House debates
Monday, 11 February 2013
Private Members' Business
Newstart Allowance
11:31 am
Adam Bandt (Melbourne, Australian Greens) Share this | Hansard source
Newstart is too low. The thousands of people around this country who are on Newstart are living in poverty. We have had three reports telling us this. Most recently, there was the Senate inquiry that my colleague Senator Rachel Siewert was successful in establishing, which had the agreement of people including from the government benches telling us in its final report that Newstart is too low. We have got these very important reports telling us that it is too low and demonstrating how it is.
But even some simple mental arithmetic done by anyone who is listening could tell you that it is too low at $246 for the single rate. Once you have put a roof over your head it leaves you next to nothing for the week. I tried to do this mental arithmetic myself and live without a few weeks ago. During that week I spoke to someone who had been homeless and had gone to a homeless service that found him a single bedroom in a rooming house in my electorate of Melbourne—for $180 to $220 for that single room alone. I looked around and found that the cheapest place you could find, a one-bedroom apartment in the city of Melbourne, was $240. Once you have taken rent assistance into account, that is $180 out of your $246 gone, just from putting a roof over your head. If you then agree that you are going to feed yourself on the generous sum of $7 or $8 a day, you are down to $4 left for the rest of the week. That is before you have paid any bills for electricity, water or gas. It is before you have paid to have a phone to keep connected to the rest of the world, or your internet to perhaps go and look for a job. It is certainly before you have done anything so luxurious as going to get a haircut or perhaps going to get yourself some clothes for a new job interview. So it is no wonder that it is not just the Greens, but also the welfare sector and the head of the Business Council of Australia who are saying that it is now so low it is a barrier to people getting back into work, because you spend all your time just trying to survive and have no ability to improve yourself.
Most people would expect that Newstart would be a safety net that holds you while you get back onto your own feet, but it is now so low that it is strangling people. Great numbers of people have told me that you either go into debt, or you rely on others, or you just go without basics like food or like new clothes. If we want to be a more caring society, we have to look after those who fall on hard times. Anyone could, through no fault of their own, find themselves out of a job through restructuring, for example, and there are many people in the south-east of Australia in the manufacturing, tourism and education sectors who are finding themselves in that situation in part because the government has failed to act on the pressures of the mining boom.

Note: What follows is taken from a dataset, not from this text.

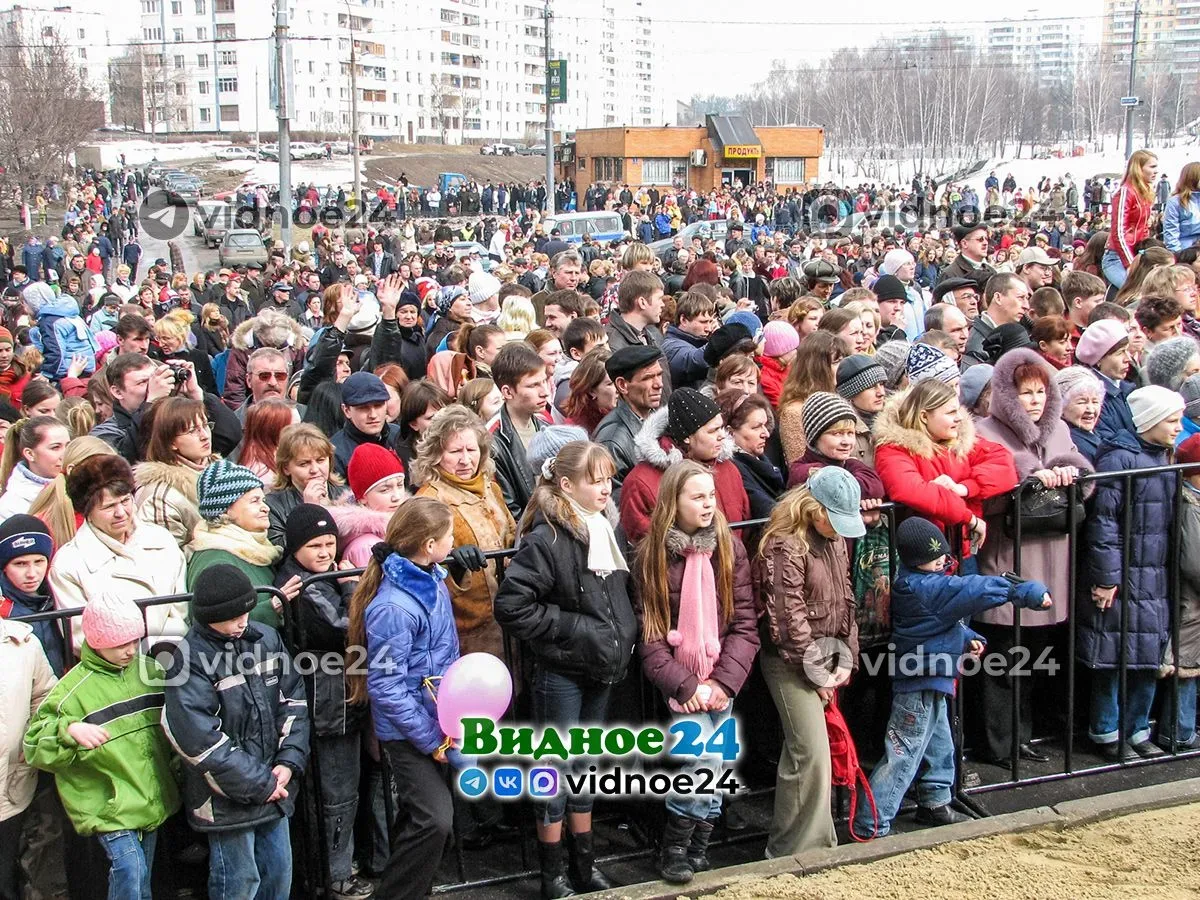 Открытие ТЦ «Курс» 20 лет назад  Подписывайтесь на Видное 24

You would hope that that person is then able to look after themselves and survive until they get back into the workforce. But this decision is pushing them further into debt and it is making it harder to get back into the workforce. There is a reason that we are here: Labor is not prepared to stand up to big business and raise the money we need to fund the services and the benefits that Australians expect from a civilised society.
Labor in fact pushed single parents onto the dole from 1 January this year. They get an extra $3 a day to look after their kids, which is fantastic and magnanimous. You now have parents saying, 'The cost of sending the kids back to school is so high that I'm going to put my computer, the tool of my trade, into hock or I'm going to go further into debt because it's impossible to make ends meet.' Labor says that it is about getting people back to work. The single parents, who are affected the most, were the ones who were previously working the longest hours because the parenting payment test was more generous than Newstart. They were allowed to work extra hours. Some people are losing up to $140 a week. And when you have a kid to look after that is an enormous slug.
In fact, as we found out last week, Labor are now taking more off single parents than they are going to raise from the mining tax. That is not right and those are not the values that people expect from a caring society. We need to acknowledge that Newstart is too low. We need to then say that we are going to have the courage to stand up to Gina Rinehart and make her pay her fair share. Then we will not need to slug single parents, we will not need to keep Newstart below the poverty line and we will not need to raise the taxes that other Australians have to pay.